New research suggests wolves can be steered away from the endangered caribou herds they prey on by making the man-made trails they use to hunt harder to move along.
The recently published study adds to the debate over whether governments should depend on shooting and poisoning wolves to protect caribou, said lead author Jonah Keim.
“It’s probably one of the most challenging conservation issues in the Northern Hemisphere,” said Keim, an independent researcher based in New York state.
Woodland caribou herds in Alberta and British Columbia have been declining for decades. Scientists blame habitat loss — since 2000, B.C. and Alberta have lost at least 33,000 square kilometres of old-growth forest — and increasing predation as wolves and bears follow roads and seismic lines into landscapes that once offered caribou refuge.
Governments, with scientific support, have turned to maternity pens, captive breeding and killing hundreds of wolves in an effort to keep caribou around.
Maybe there’s another way, Keim thought.

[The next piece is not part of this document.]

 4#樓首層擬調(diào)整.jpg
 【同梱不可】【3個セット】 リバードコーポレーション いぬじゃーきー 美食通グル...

Maybe the problem isn’t the wolves — it’s the artificial trails they’re taking advantage of.
“How do we get at movement?” he asked.
Keim and his colleagues set up motion detector cameras on logging roads, seismic lines and game trails throughout the Parker caribou range in northeast B.C. The team recorded movements of animals past those cameras for a year.
They measured which of those features were easiest to travel by timing themselves as they walked them. They considered which ones lead into the marshy wetlands that caribou like and which went to higher ground favoured by moose and deer.

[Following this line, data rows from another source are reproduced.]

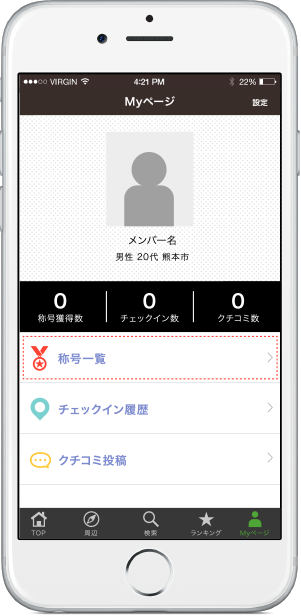 Myページから称号を確認できる!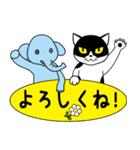 うちの子ハチワレねこ4 文字大見やすい（個別スタンプ：7）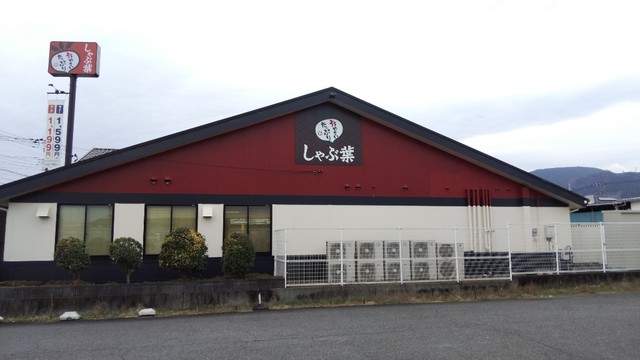 しゃぶ葉 富士松岡店 柚木 jr しゃぶしゃぶ 食べログ しゃぶ葉 富士松岡店 柚木 jr しゃぶしゃぶ 食べログ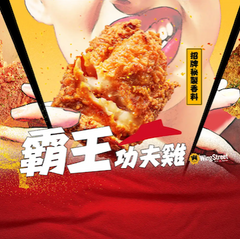 Pizza Hut必勝客點心專賣店 (台中黎明店)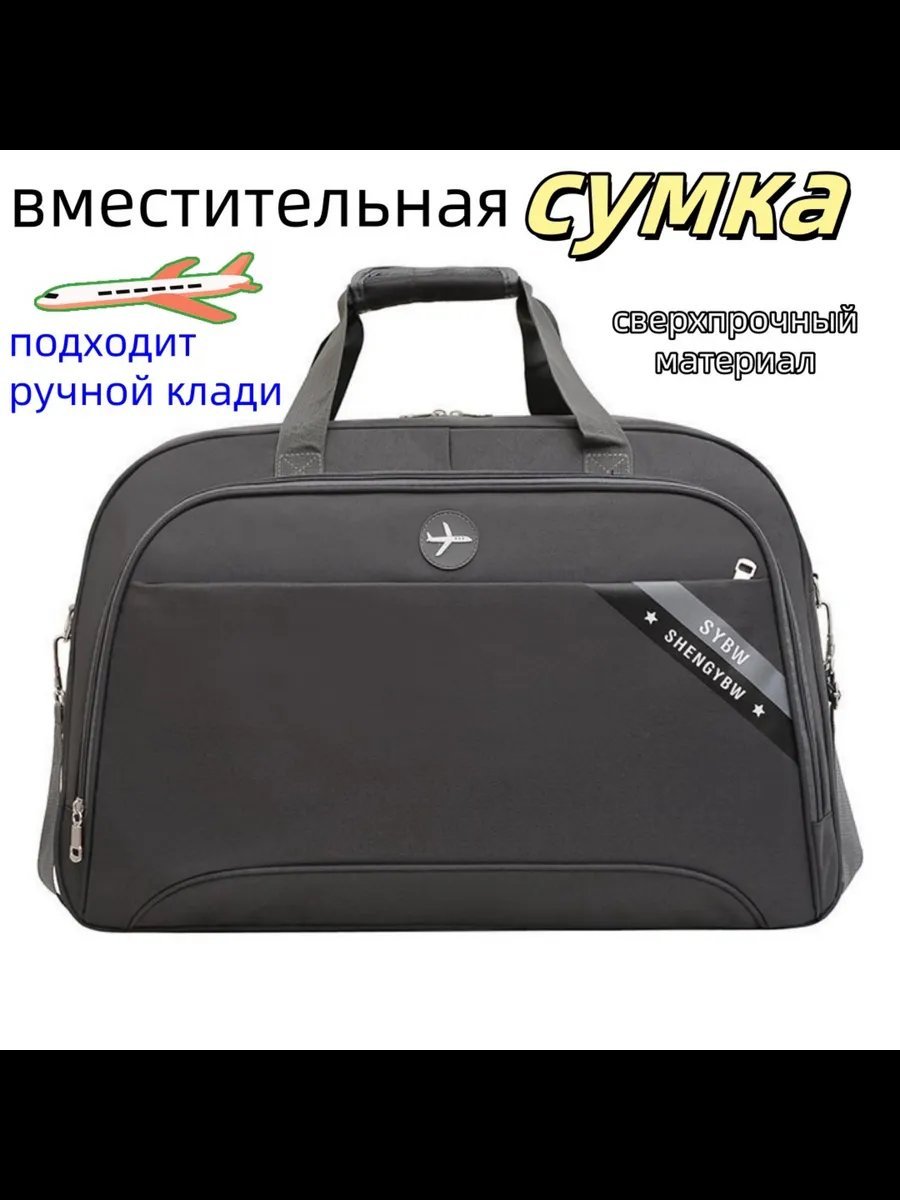 Мини-сумка ИП Шэнь текстиль серый купить,NaN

Then, they made the easy trails into the best caribou habitat harder to move through.
“We hinged trees from the sides of the features into the seismic line,” Keim said. “(We) did soil mounding to create hummocks. We tried to make the feature as difficult to move down as was the adjacent habitat beside it.”
They sat for another year and let the cameras roll. Then they compared the incidence of wolves or bears and caribou using the same trail on the same day to what it was before the treatment as well as to an untreated control area.
“We were able to reduce the encounter rate between wolves and caribou by 85 per cent,” said Keim.
Dave Hervieux, an Alberta Environment caribou specialist, said Keim’s results are consistent with other studies but only address half the problem.
“Unnaturally high and unsustainable levels of wolf predation on caribou are due to both increases in wolf travel and increases in wolf numbers,” he wrote in an email.
“Linear feature restoration is a key action. However, our conclusion is that it is unlikely that linear feature restoration, as a sole action, will provide sufficient protection in the near-term for endangered woodland caribou populations.”
Hervieux said the government is working with industry to restore forest cover to seismic lines, pipelines and roads.
Still, Keim said focusing “encounter management” could go a long way to reducing Alberta’s and B.C.’s dependence on the annual killing of wolves.
“We know that predator removal is socially and ethically controversial and it may not be solving the true problem.”